Focus on the prize. Focus on the goal. Never on your opponents. Then go to work, hard and fast and smart. Winning is an art in itself, to become a winner you need a different mindset. It all starts with your preparation.
Drop the nukes,
then fight the ashes
Step 1. You must prepare heavily to win. That might include waking up at 4:00 am every day for a couple of years to understand the tech industry via its daily news or maybe finish a complicated MIT Phd thesis that will give you insights no one has in a particular field. We call this type of advantage a bomb. And you need as many bombs as you can possibly get your hands on: algorithms, people, processes, information, industry connections, financial leverage, social networks, and so on.
Step 2. Hire bombs. Don’t hire people. Not even engineers. Not even the best engineers. Hire bombs. Hire the qualities, insights, tools and ill-understood information that comes with that particular employee: the winner. The employee-winner is a bomb dropper that has been doing it over and over for as long as you can tell. Maybe he has a double major and has a particular view of things, maybe she’s bilingual and conquers a broader demographic with her campaigns. Maybe, and just maybe, you’re interviewing an IMO champion with two math olympiad medals and a super powerful ease in coming up with killer algorithms. So hire that, hire that superpower, that advantage, that bomb. Hire at least a dozen or two of such bombs.
Step 3. Building nukes. Amplify the reach, impact and depth of your team of bombs by lining them up in a very particular way. Set up your product development process such as every member of the team gains from each other. This is the amplification process, and to make it work you need a platform: good management, good communication and bold teamwork. Notice that teamwork is not just working in teams, but working as part of a team that amplifies your strengths. You need to do this at least for the first 50 members of your organization. Ask yourself, how is this person amplified in the team.

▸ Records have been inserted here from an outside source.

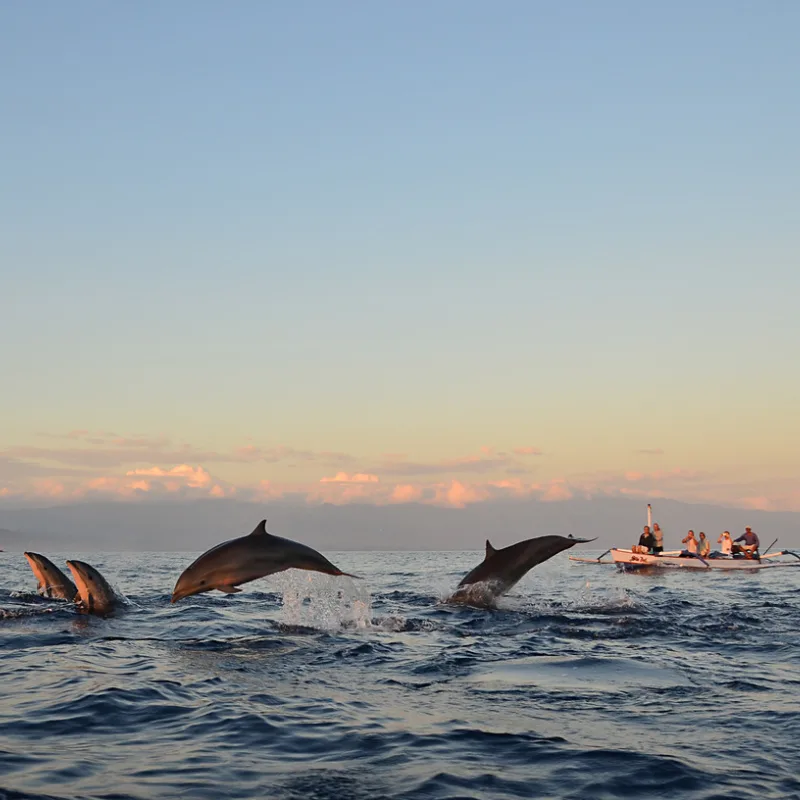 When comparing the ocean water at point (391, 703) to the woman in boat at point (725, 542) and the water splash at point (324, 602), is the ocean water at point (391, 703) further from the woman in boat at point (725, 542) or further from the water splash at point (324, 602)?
the woman in boat at point (725, 542)

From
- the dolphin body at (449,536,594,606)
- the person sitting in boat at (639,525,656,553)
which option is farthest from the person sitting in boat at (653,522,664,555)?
the dolphin body at (449,536,594,606)

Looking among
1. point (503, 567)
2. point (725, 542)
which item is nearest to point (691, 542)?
point (725, 542)

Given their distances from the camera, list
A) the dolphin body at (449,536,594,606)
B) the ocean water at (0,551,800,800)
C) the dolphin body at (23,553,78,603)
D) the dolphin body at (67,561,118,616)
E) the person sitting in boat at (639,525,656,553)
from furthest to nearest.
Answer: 1. the person sitting in boat at (639,525,656,553)
2. the dolphin body at (23,553,78,603)
3. the dolphin body at (449,536,594,606)
4. the dolphin body at (67,561,118,616)
5. the ocean water at (0,551,800,800)

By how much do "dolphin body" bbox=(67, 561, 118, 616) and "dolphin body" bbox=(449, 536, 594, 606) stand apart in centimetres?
738

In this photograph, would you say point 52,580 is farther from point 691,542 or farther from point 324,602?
point 691,542

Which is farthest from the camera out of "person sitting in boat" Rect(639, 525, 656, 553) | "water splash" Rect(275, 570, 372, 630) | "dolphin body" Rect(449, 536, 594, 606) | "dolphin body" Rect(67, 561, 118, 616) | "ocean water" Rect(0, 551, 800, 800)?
"person sitting in boat" Rect(639, 525, 656, 553)

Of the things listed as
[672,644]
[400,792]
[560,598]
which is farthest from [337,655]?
[560,598]

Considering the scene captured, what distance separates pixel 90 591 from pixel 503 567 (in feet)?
28.1

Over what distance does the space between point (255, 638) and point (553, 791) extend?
29.4 ft

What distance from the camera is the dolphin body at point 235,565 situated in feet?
48.7

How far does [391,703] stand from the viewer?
9.87m

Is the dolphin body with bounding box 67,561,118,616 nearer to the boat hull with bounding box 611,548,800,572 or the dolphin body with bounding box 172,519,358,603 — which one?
the dolphin body with bounding box 172,519,358,603

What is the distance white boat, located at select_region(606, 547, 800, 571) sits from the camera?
43000 mm

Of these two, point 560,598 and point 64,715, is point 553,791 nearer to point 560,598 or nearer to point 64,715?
point 64,715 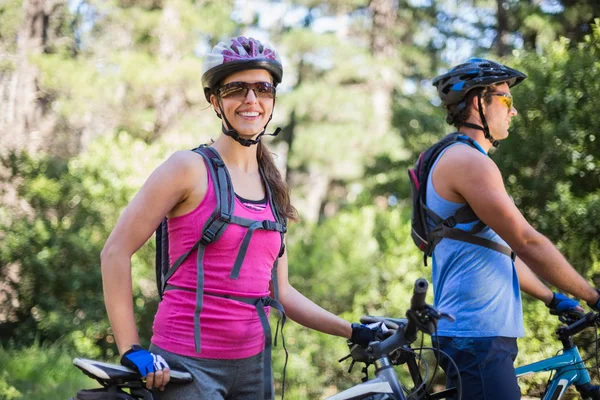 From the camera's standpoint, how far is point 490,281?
3.33 metres

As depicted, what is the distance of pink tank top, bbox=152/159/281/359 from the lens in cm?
273

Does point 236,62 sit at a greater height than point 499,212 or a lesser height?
greater

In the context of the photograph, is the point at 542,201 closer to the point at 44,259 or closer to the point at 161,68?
the point at 44,259

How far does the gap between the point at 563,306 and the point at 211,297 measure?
6.99 feet

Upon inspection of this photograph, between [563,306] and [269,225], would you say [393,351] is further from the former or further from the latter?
[563,306]

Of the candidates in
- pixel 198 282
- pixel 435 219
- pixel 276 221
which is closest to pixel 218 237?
pixel 198 282

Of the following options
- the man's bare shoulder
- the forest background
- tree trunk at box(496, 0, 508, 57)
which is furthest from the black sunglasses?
tree trunk at box(496, 0, 508, 57)

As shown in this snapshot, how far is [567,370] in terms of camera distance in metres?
3.80

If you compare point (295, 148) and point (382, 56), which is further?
point (295, 148)

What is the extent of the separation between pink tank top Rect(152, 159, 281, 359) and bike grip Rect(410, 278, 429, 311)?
0.69m

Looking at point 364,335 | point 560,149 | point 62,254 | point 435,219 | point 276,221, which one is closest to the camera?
point 276,221

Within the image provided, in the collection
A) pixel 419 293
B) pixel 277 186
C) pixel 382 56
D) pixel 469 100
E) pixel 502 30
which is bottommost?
pixel 419 293

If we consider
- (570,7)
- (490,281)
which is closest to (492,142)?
(490,281)

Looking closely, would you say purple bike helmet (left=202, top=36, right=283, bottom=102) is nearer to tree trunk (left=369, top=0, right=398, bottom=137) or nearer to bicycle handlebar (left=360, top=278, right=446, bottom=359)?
bicycle handlebar (left=360, top=278, right=446, bottom=359) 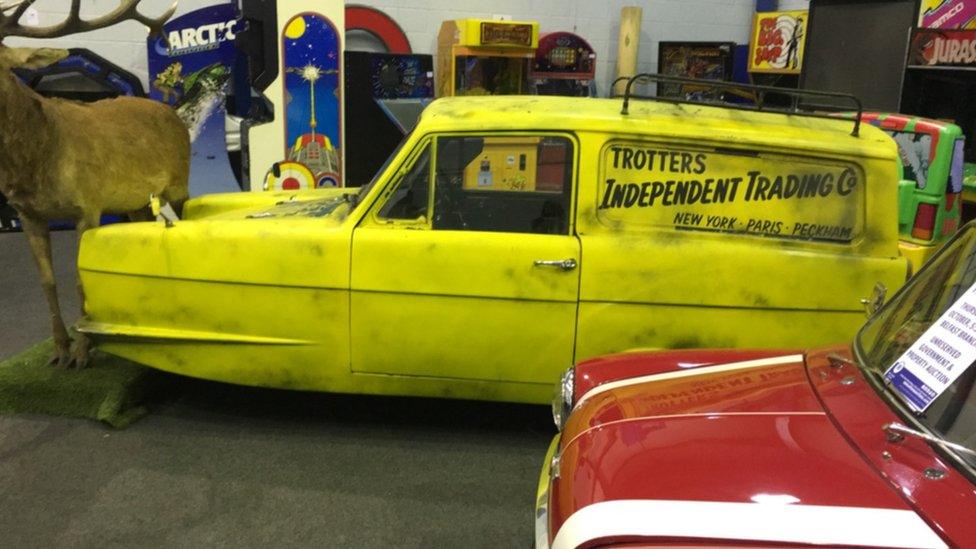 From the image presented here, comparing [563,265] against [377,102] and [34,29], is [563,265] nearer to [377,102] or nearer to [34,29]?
[34,29]

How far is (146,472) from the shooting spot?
336cm

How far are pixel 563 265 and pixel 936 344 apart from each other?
1620 millimetres

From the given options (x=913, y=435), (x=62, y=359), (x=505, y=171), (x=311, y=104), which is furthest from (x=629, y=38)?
(x=913, y=435)

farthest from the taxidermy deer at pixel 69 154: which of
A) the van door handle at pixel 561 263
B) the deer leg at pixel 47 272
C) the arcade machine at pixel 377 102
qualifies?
the arcade machine at pixel 377 102

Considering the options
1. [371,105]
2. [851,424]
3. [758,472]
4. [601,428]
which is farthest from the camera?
[371,105]

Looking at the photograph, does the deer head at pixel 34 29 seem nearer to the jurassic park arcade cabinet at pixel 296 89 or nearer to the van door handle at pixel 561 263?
the jurassic park arcade cabinet at pixel 296 89

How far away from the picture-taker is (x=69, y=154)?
3.99 metres

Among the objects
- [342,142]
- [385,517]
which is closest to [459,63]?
[342,142]

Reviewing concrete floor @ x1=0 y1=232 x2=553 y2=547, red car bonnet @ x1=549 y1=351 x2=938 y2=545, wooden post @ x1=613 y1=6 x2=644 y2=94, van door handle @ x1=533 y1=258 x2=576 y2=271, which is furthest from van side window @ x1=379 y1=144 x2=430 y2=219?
wooden post @ x1=613 y1=6 x2=644 y2=94

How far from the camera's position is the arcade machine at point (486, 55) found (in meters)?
7.18

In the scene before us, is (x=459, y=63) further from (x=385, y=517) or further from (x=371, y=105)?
(x=385, y=517)

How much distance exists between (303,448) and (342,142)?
3.85 metres

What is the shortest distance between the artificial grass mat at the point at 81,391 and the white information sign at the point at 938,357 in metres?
3.40

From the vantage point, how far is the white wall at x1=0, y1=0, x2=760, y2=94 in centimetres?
721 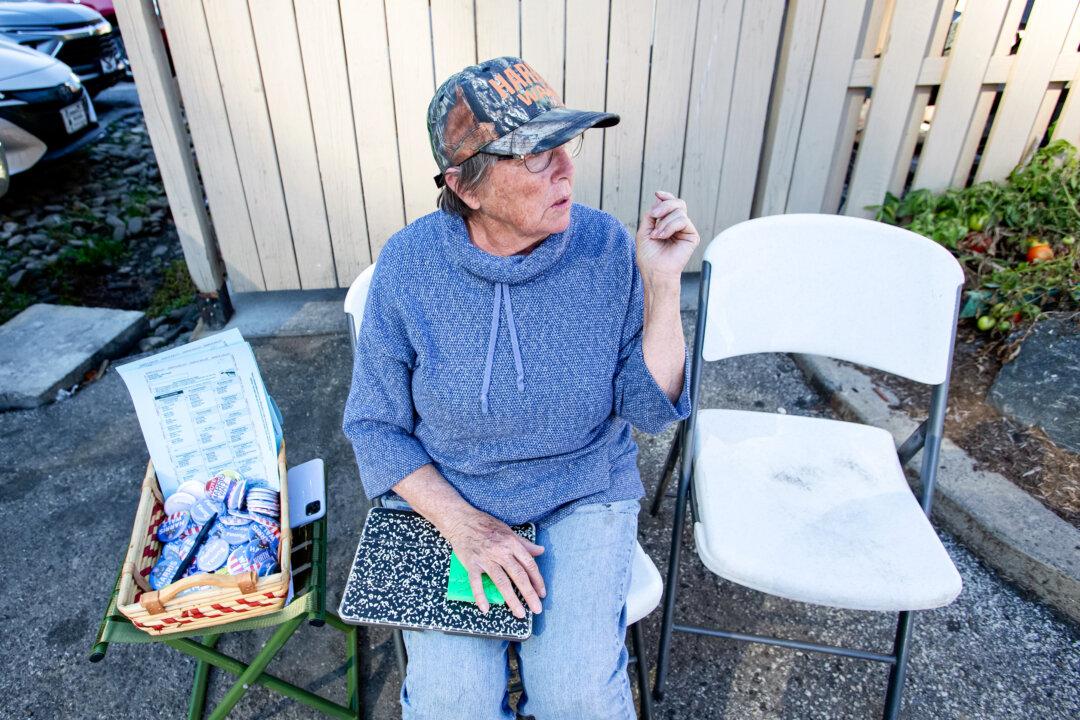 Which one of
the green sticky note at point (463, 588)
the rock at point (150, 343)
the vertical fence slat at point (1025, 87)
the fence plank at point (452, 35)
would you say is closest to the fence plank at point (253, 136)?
the rock at point (150, 343)

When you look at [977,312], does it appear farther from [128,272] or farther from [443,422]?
[128,272]

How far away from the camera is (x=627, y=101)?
3.38m

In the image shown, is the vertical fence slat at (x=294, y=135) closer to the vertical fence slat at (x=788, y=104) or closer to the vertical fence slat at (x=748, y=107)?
the vertical fence slat at (x=748, y=107)

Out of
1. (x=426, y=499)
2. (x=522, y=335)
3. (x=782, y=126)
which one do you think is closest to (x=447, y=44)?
(x=782, y=126)

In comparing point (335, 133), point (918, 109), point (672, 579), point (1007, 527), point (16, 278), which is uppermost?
point (918, 109)

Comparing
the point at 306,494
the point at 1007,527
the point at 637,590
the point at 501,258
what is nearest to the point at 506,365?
the point at 501,258

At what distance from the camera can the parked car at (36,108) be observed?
489 centimetres

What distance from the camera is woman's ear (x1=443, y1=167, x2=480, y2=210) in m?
1.60

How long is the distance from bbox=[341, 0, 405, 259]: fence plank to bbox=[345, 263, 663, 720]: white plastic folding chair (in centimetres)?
171

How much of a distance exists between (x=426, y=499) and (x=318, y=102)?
2394 millimetres

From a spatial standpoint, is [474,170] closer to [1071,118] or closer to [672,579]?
[672,579]

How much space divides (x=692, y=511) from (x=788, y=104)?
2.41m

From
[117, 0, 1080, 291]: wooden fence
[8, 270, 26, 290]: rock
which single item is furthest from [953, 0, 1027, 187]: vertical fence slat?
[8, 270, 26, 290]: rock

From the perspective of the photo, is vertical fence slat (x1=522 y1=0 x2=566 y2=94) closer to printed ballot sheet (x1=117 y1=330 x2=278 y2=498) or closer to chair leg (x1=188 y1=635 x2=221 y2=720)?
printed ballot sheet (x1=117 y1=330 x2=278 y2=498) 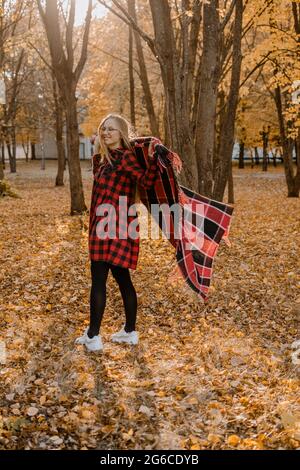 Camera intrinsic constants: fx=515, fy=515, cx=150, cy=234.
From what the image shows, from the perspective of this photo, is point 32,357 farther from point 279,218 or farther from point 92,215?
point 279,218

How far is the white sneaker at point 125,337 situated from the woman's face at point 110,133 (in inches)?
73.5

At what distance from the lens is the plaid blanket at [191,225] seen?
191 inches

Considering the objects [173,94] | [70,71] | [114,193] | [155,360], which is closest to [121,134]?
[114,193]

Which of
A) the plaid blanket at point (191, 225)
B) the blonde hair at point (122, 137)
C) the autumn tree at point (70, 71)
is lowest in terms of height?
the plaid blanket at point (191, 225)

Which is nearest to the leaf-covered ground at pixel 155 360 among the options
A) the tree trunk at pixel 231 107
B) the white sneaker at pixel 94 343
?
the white sneaker at pixel 94 343

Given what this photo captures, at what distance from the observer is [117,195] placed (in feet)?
14.9

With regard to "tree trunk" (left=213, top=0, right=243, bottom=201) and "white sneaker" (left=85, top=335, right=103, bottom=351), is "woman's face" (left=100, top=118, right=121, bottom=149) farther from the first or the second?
"tree trunk" (left=213, top=0, right=243, bottom=201)

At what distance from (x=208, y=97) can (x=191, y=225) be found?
3986mm

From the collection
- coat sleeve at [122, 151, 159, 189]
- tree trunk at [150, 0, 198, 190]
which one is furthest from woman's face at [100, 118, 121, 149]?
tree trunk at [150, 0, 198, 190]

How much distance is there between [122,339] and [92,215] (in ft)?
4.46

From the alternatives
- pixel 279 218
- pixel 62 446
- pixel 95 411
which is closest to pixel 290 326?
pixel 95 411

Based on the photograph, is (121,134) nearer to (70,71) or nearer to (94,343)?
(94,343)

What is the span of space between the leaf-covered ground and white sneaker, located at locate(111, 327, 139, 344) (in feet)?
0.35

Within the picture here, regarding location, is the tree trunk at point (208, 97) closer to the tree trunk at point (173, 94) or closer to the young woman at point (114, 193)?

Then manage the amplification by setting up meetings, training sessions and co-working sessions.
Don’t hire the best.
Hire the bombs.
Step 4. Line up your nukes. Use your preparation, your insights and your personal bombs to amplify whatever your team did. Be merciless in this process. One by one, go over each of your features and make them bolder, better and more irresistible. Do this on a daily basis at lease for six months or so. If you lack personal power to amplify the work of your team, either, grow, hire or postpone fighting.
Step 5. Win. Don’t fight, don’t ever fight. If you fight you’ll lose. If you fight you’ll end up with so many cuts and bruises that you may not be able to keep fighting. Just win. Win a niche, a whole market, or a whole demographic. But win. Just drop the nukes and fight the ashes. You can do this by making sure you’re targeting a market so small, that the big guys don’t yet care about you.
Step 6. Recursive growth. You don’t want linear growth. No! You need recursive growth, your bomb making startup is a set of competitive advantages, resources and people that can scale very very far. Your job is finding this recursive growth opportunities in your market. And keep growing in that direction.
A couple of good books to read in order to fully understand this scenario are The Innovator’s Dilemma and The Startup Playbook.